Linear increase in ingress-controller memory with increasing number of ingress routes

why do we observe linear increase in memory consumption for ingress-controller container with increasing number of ingress resources?

According to my understanding, ingress-controller checks the Kubernetes API for Ingress/Service/etc. resource updates, and when it sees them, it sends requests to the Kong proxy’s admin API to create Kong configuration, which is then stored in Kong’s database.

Is there any caching mechanism within ingress controller? Please clarify.

Thanks.

Copied from the other thread where this was asked.
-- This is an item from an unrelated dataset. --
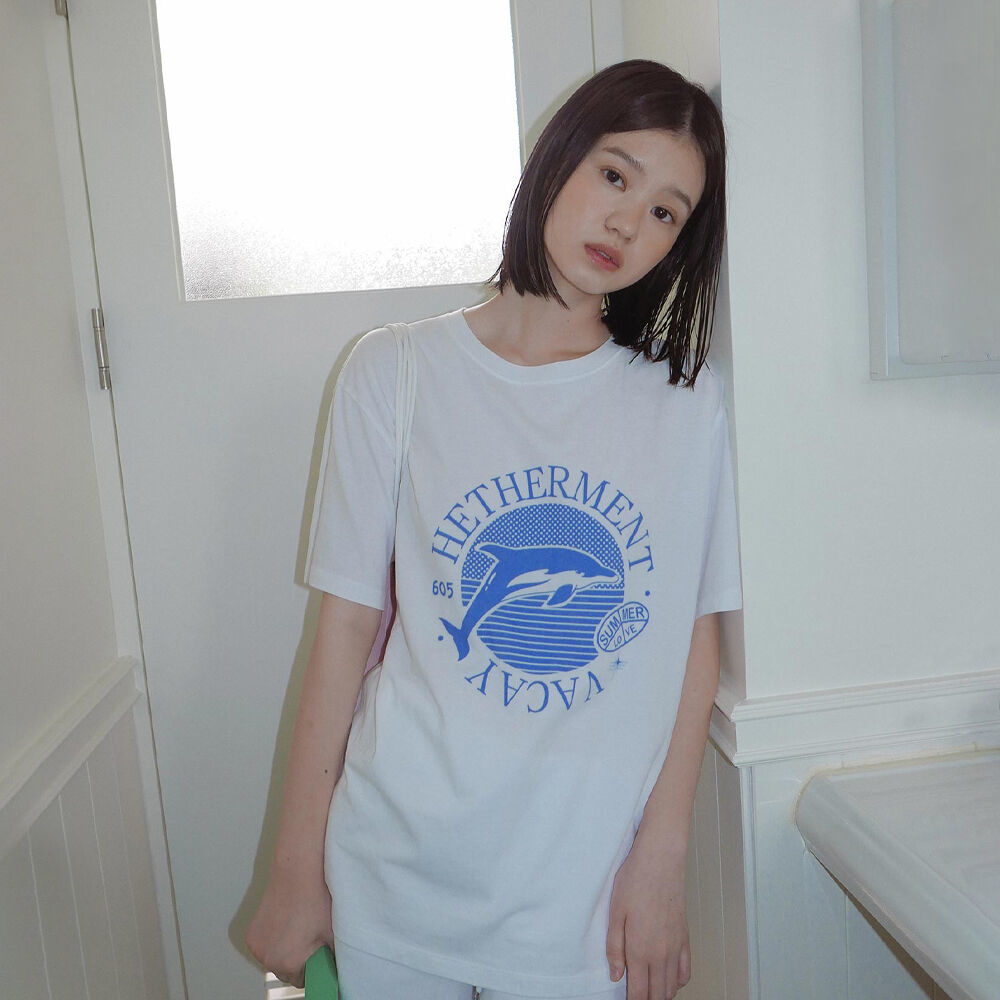 韓國HETHERMENT - Dolphine T-shirt (White)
Didn’t see the new thread initially; makes more sense to make this a new discussion:

How many Ingresses are you creating?

The controller does cache objects it builds config from, and there is a linear correspondence between the size of that cache/the size of generated configuration and the number of watched resources. 2.5GB seems rather high given what I’ve seen in practice, however.

There is a --profiling flag to enable pprof metrics collection. It may make sense to take a look at that to see if there’s anything unusual about the memory allocation.

We’re working on getting a better understanding of the controller’s performance characteristics and improving problem areas in upcoming versions. Historically that hasn’t been much of a concern since the controller is normally fairly lightweight compared to Kong itself, so we were more focused on building out functionality first and optimizing performance after.

1 Like

Thanks for your reply.
We were currently testing the maximum Ingress objects that Kong(dbmode: postgres) could support with resource allocation of 4GB memory and 2Cores (evaluated as 1 unit).

When we started creating ingress objects (each with 2 plugins & 1 kongIngress), we found that there was linear growth in memory consumption by ingress-controller container proportional to ingress objects created.

Since our use case required that we support max number of ingress routes with decent throughput, we were able to achieve ~25K ingress objects with throughput of 3K/sec. with below mentioned resource allocation
Memory(4GB):
Ingress-controller Container: 3GB
Proxy Container : 1GB
CPU (2 Cores):
Ingress Controller Container : 1 Core
Proxy Container : 1 Core

This leads to few question that we had:

  1. You mentioned that there’s caching mechanism in ingress-controller corresponding to the number of watched resources. Is this the same memcached in-memory store that is mentioned in docs for which we can configure size? Or it’s just that it’s non-configurable and this will always keep all those watched resource configurations in-memory and will load all configurations from database upon restart.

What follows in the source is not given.